§ Recorded data:
□ □ □

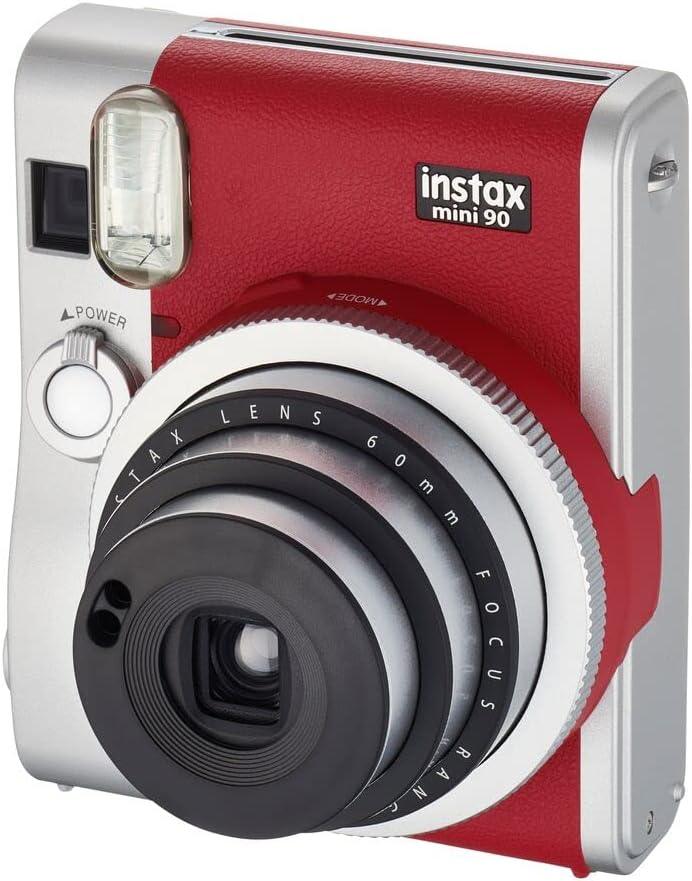 Fujifilm Instax Mini 90 Neo Classic Instant Film Camera – Retro Design  - Red
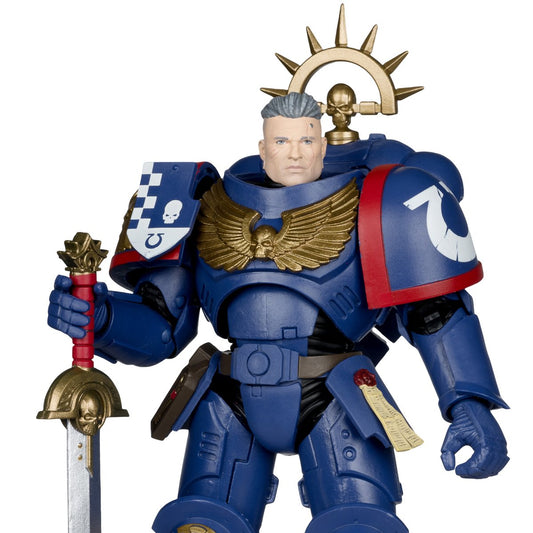 Warhammer 40,000 Wave 13 Total War 3rd Company Lieutenant Ultramarines 7-Inch Scale Action Figure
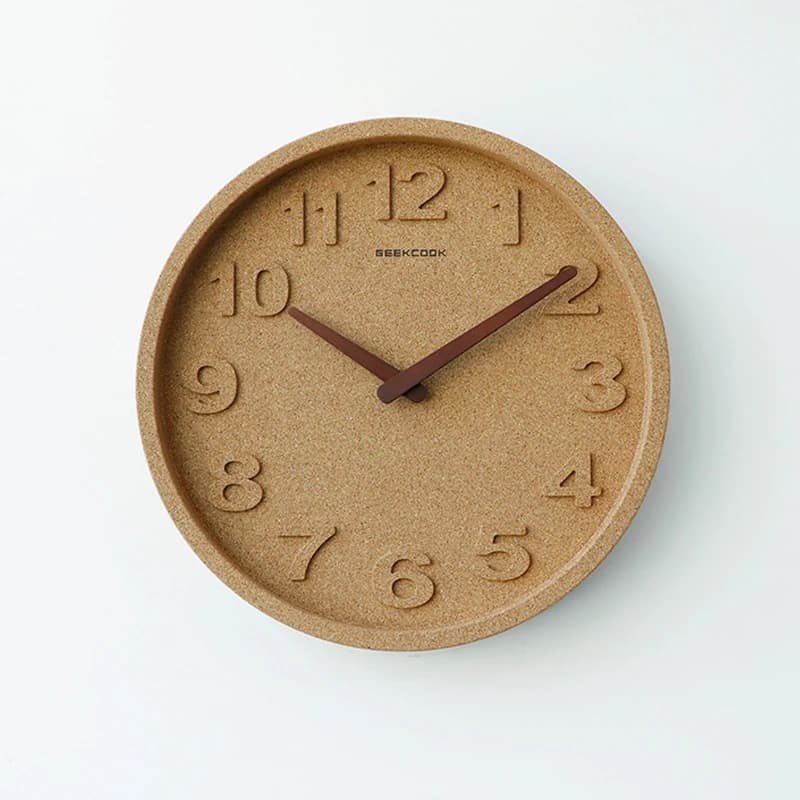 Simple Wood Modern Wall Clocks 30CM Solid Wood Pointer Creative Living Room Wall Clocks Home Decoration Bedroom Gift Wall Watch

□ □ □

§ Instructions to follow:
Each line above is to be copied verbatim. Drop any image from the copy.

§ Reply to the exercise:
 Fujifilm Instax Mini 90 Neo Classic Instant Film Camera – Retro Design  - Red
 Warhammer 40,000 Wave 13 Total War 3rd Company Lieutenant Ultramarines 7-Inch Scale Action Figure
 Simple Wood Modern Wall Clocks 30CM Solid Wood Pointer Creative Living Room Wall Clocks Home Decoration Bedroom Gift Wall Watch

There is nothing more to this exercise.